Cross-Asset TFT Model: Mathematical Walkthrough and Data Flow
Date: 2026-04-23
This note explains how the repository's cross-asset Temporal Fusion Transformer-style model is formulated, how the data is sanitized, what one row looks like mathematically, how rows are assembled into a window, and how that window is processed by the network.

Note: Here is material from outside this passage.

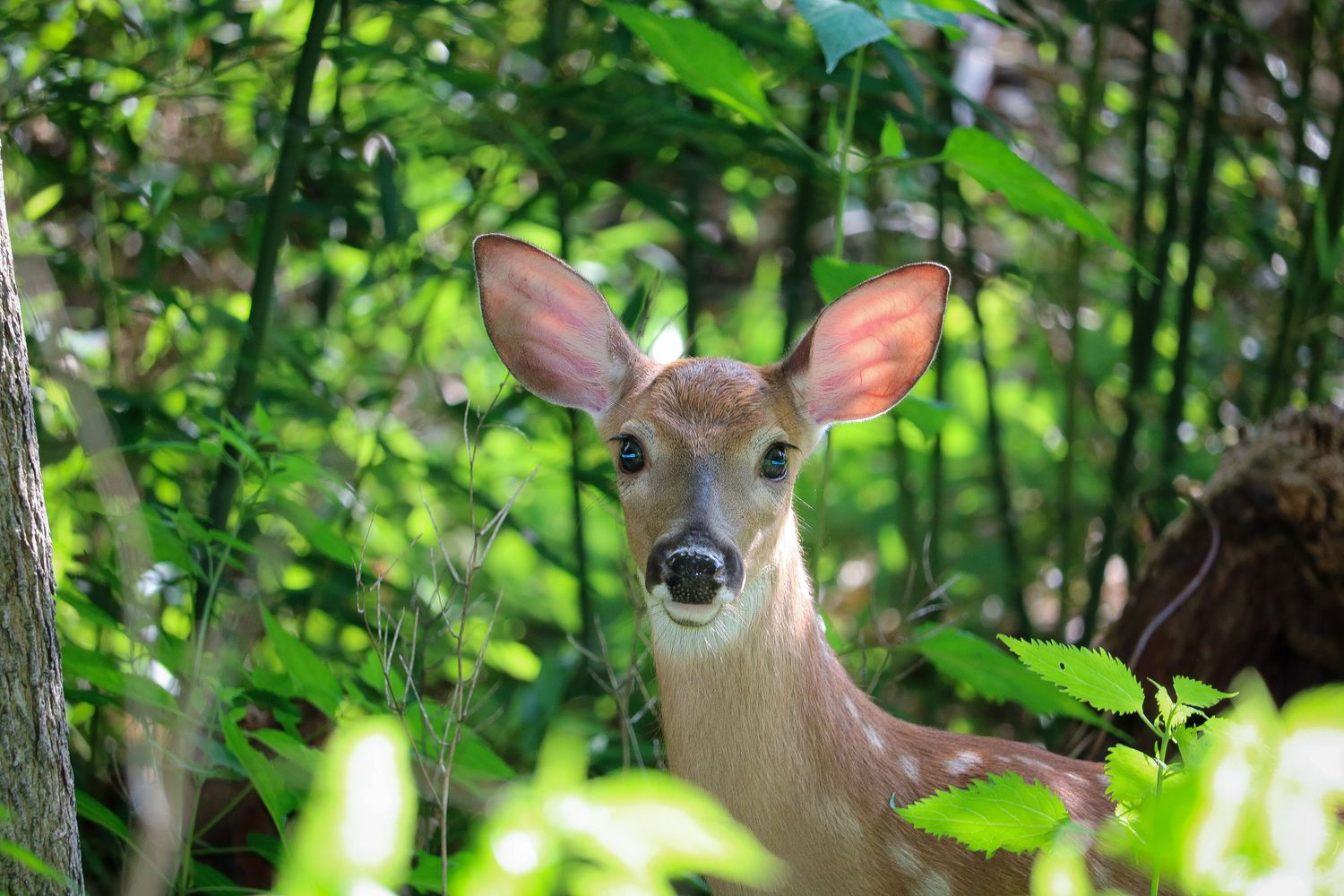 Spring fawn in the Northeast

The implementation lives in:
- model/tft/config.py
- model/tft/dataset.py
- model/tft/model.py
- model/tft/trainer.py
- model/tft/predict.py
1. Model Purpose
The model forecasts future log returns for one target ticker using both the target's own history and a cross-asset context basket. With the default configuration, the target is combined with 19 context ETFs/proxies:
- Equities:
SPY,QQQ,IWM,DIA - Rates:
TLT,IEF,SHY - Credit:
HYG,LQD - Commodities:
GLD,SLV,USO,UNG - FX and dollar proxies:
UUP,FXE,FXY,FXB,FXA - Volatility:
VXX
The model predicts three horizons:
- next day
- next week, about 5 trading days
- one month, about 21 trading days
This is a multi-horizon regression model, not a classifier.
2. Tensor Dimensions
Let:
A= number of assets in the input basketF= number of engineered features per assetL= sequence lengthd= transformer hidden width
In the default config:
A = 20F = 6L = 252d = 128
So the per-timestep feature width is
D = A * F = 20 * 6 = 120
and one model input sample has shape
X in R^(252 x 120)
At inference time the batch dimension is added:
X_batch in R^(1 x 252 x 120)
3. Raw Database Source
The input starts from market_data_daily, where the dataset loader reads only:
tickerdateclosevolume
For a target ticker j*, the code:
- loads all chosen tickers
- pivots close and volume into
date x tickermatrices - keeps only dates where the target exists
- forward-fills context tickers across the target's calendar
- computes rolling features per ticker
- drops rows with unresolved
NaN
This behavior comes directly from model/tft/dataset.py.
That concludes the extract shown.